RunLog(ger) on Facebook

Saturday, June 2nd, 2007

RunLog Facebook

I wanted to see what the new Facebook platform was like, so I created RunLogger, which is RunLog for Facebook. It’s not attached to the RunLog site, but it will post a mini-feed to your profile, as well as give you running information about
your friends.

GPC: Graphical Pen-based CAPTCHA

Saturday, June 2nd, 2007

GPC

I know I’m a little behind, but here is the new web application for the month of May. It’s a start of a system I implemented as a final project for a class I took this semester (6.870.) This is a pen based CAPTCHA system, where you trace over shapes to conduct the Turing test. I also have an associated paper that talks about it in more detail, I will fix it up a bit and upload it here when it is done.

MITPTyper

Saturday, April 14th, 2007

plw.gif

Here’s a simple tool called MITPTyper. Any phrase you type into the text box will render it as Muriel Cooper’s MIT Press logo. I know this is a small project, but it’s going to count as my April project.

FakeID

Saturday, March 31st, 2007

FakeID

I’m going to try and release a new web app every month this year. So far for the month of January and February, there was RunLog and OpenLocker. The web app for the month of March is FakeID.

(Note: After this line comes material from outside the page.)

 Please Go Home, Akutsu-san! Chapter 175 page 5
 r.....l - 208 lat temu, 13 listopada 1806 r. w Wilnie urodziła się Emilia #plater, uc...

FakeID is an OpenID server that gives you control over your online identity. With your existing OpenID account, you can use FakeID to create unique online identities. Think of it as an OpenID proxy. Anyway, I just finished it, which means it may be a bit buggy, but so far everything seems to work.

OpenLocker

Sunday, February 4th, 2007

OpenLocker.gif

Finally, OpenLocker (formerly PLW Locker) is ready after some months in development. OpenLocker is a multi-functional web application that serves as an OpenID server, and a personal homepage. As an OpenID server, OpenLocker differs from other OpenID authentication servers and attempts to preserve user privacy by using a locker metaphor. The OpenID specs specify only that an OpenID URI be unique to a specific user, but does not specify any authentication method. Usually, an OpenID server manages user accounts like any other web application: with a username (which corresponds to a unique URI) and an alpha-numeric password. Because of this, this method of using OpenID still suffers from security/privacy issues that exist in other username/password systems. OpenLocker uses a geographic locker location (which is unique) as the username and an emulated combination lock as the password.

Beyond its use as an OpenID server, user’s identity URL (connected as HTTPS, once logged in) will provide them with draggable modules, which are individual RSS aggregators. Users can pick from a collection of feeds (like OpenStudio and OpenCode) or enter any valid RSS/Atom URL to display content. This provides a page that can act as a user’s identity page as well as their homepage, where they can begin their daily Internet browsing.